Para respaldar o processo de ensino e aprendizagem de conhecimentos científicos, os acadêmicos
fazem uso de recursos visuais e auditivos para intervir e melhorar a memória imediata e memória
recente apresentada pela maioria de nossos alunos com necessidades especiais. Como resultados
das intervenções, inúmeras produções textuais já se fizeram presentes, podendo ser citado o
entendimento de que a escrita tem uma função social.
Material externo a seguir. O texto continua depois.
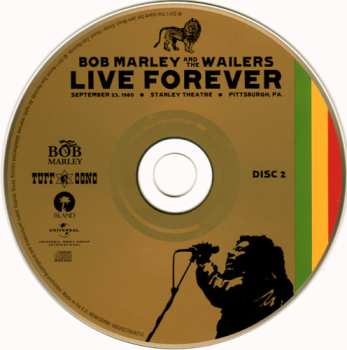 2CD Bob Marley & The Wailers: Live Forever (September 23, 1980, Stanley Theatre, Pittsburgh, PA.)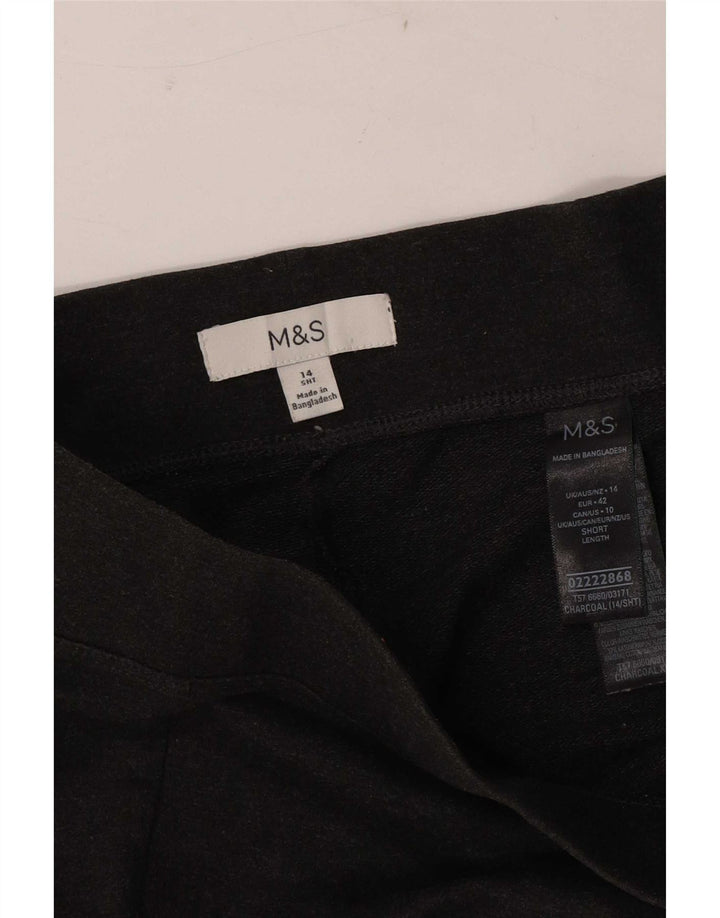 Marks & Spencer Damen Leggings UK 14 Große graue Baumwolle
Atualmente os alunos solicitam aos
acadêmicos, de acordo com suas necessidades, respaldo para escrita de cartas, para amigos,
paqueras; cartões de aniversário; anotações de ingredientes para fazerem alguma receita em casa
com os pais, etc.
No ateliê de jogos matemáticos as atividades estão organizadas de modo a desenvolver conteúdos
que favoreçam a construção de noções lógico matemáticas, uma vez que o processo cognitivo
propicia não só a construção do conceito de número, como também, a construção de esquemas
mentais que permitem assimilar melhor todo processo de ensino aprendizagem, bem como a
resolução de problemas. Como exemplificação de resultados obtidos, citamos a presença de um
dos pais dos alunos do projeto relatando os avanços evidenciados no filho após seu ingresso no
ateliê. Além de melhorar as notas na escola regular, o mesmo recuperou sua auto estima, tornou-se
mais questionador e passou a expor seus pensamentos e opiniões diante de situações que se sentia
incomodado.
Mediante o exposto é possível afirmar que as ações que mobilizam o fazer educativo do presente
projeto parte do pressuposto de que o homem deve ser valorizado na sua essência. Essa afirmação
é sustentada pela premissa de que todo desenvolvimento técnico-científico deve voltar-se para o
benefício do homem, por considerá-lo um ser social. Suas incapacidades ou defeitos, originados
pelos diferentes fatores, devem ser tratados como questões sociais, conforme o pensamento de
Vygotsky (1989).
Como é possível perceber a organização do trabalho pedagógico por meio de ateliês, é
estabelecida a partir de uma perspectiva interdisciplinar, nos quais a linguagem, em suas diferentes
modalidades (gráfica, musical, plástica, matemática, corporal) se constitui em um instrumento
mediador para a apropriação de conhecimento.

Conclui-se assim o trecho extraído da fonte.